Top of mind for both employees and employers now is inflation, and its effects on commuting and the hybrid work model, according to Pau.

“We’ve had some clients where the employees have literally said, ‘I cannot afford to drive to work. I need to take the bus, or I need someone to carpool with or I need to work from home,’” she said.

Public transit ridership in Metro Vancouver sits at more than 80 per cent of pre-pandemic levels, TransLink CEO Kevin Quinn revealed last month during an address to the Greater Vancouver Board of Trade.

That figure matches the regional transportation authority’s fall target, but it remains unclear how passenger numbers will return to 100 per cent as more people have become accustomed to working from home.

It might eventually come from an external push on the part of employers.

Late last month, Snapchat parent Snap Inc. (NYSE:SNAP) said employees would have to return to the office four days a week beginning in February.

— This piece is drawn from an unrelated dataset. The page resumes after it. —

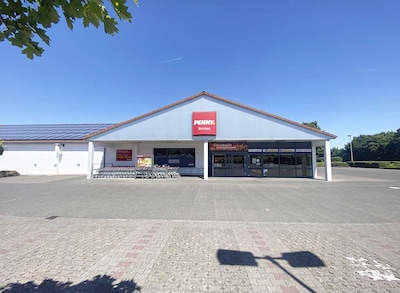 Sie sehen den Eingang vom Penny Markt in Borchen, Haarener Str. 60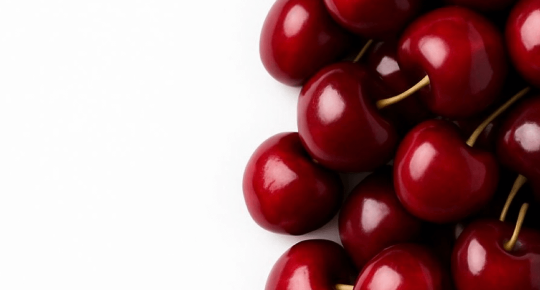 ТОП-5 парфумів з ароматом вишні: соковиті, чуттєві та спокусливі композиції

Twitter Inc. CEO Elon Musk also recently mandated all employees must return to the office full time, although Pau said the ongoing upheaval at Twitter under Musk’s watch isn’t necessarily a reliable weathervane for the broader business community.

“The candidate pool is not robust, so then you end up having to accommodate, right?” she said, referring to ongoing labour shortages.

“But I think certainly employers are pushing back. I think it’s just with any kind of trend: There’s the pendulum swing one way, and it has to come back a bit the other way.”